Charles Bukowski's More Notes of a Dirty Old Man: 10 of the Buke's Dirty L.A. Haunts

Courtesy of City Lights Publishers

"You must be Charles Bukowski," he said.
"Yes. Poet, and lover," I answered."

L.A. Skid Row's unofficial poet laureate is back again, with outrageous boozy adventures of staring up women's skirts and, more often than not, ripping them off.

On September 15, City Lights will be publishing a new collection of Bukowski's essays, culled from the infamous Notes of a Dirty Old Man columns that he wrote in various forms from 1967 through the eighties.

These columns garnered Bukowski an international reputation as an outsider avant la lettre when they were first published. He wrote them for San Francisco's Open City, Nola, and the Los Angeles Free Press, small weekly papers that ran his writing virtually unedited. His brutal and visceral view of life blasted through many taboos of the sixties and seventies: suicide, outrageous alcoholism, rape, anal sex, and fetishistic fantasies were all fair game for Bukowski's pen.

More Notes of a Dirty Old Man comprises a second, and until now uncollected, series of essays. Most date from his later years writing for the Free Press in Los Angeles. To anyone familiar with Bukowski's work, they're more of the good stuff -- essays on pure desire that demonstrate his lust for the physical world. And of course, they're shot through with Bukowski's admirable denial of a higher meaning to his work -- to an earnest interviewer, he writes, "When I die they can take my work and wipe a cat's ass with it. It will be of no earthly use to me."

Yet he's pointed, honest and direct. For a crude alcoholic mostly obsessed with tits and ass, he yields surprisingly insightful statements. This is, of course, Bukowski's charm and magic, and why he's considered a great poet instead of being filed away as a raving crank or filthy misogynist.

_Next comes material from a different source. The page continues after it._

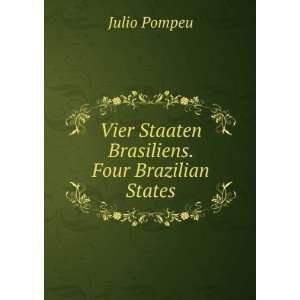   : Vier Staaten Brasiliens. Four Brazilian States: Julio Pompeu: Books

In one column, he recounts a conversation with his daughter at the beach, in which he tells her that her sandcastle is beautiful, but also very nice. She's confused at first. He explains, "'Beautiful' is usually what people say when they don't mean it and 'it's very nice' is usually what they say when they really mean it." That's the thing about Bukowski: he always really means it.

Though he was born in Germany, his family moved to South Central L.A. when he was 10. Bukowski became an L.A. writer through and through. He never left the city. Important landmarks from the City of Angels pepper his writing, and Richard Schave, an art historian and entrepreneur, even created a "Bukowski bus tour" with alternative city tour company Esotouric.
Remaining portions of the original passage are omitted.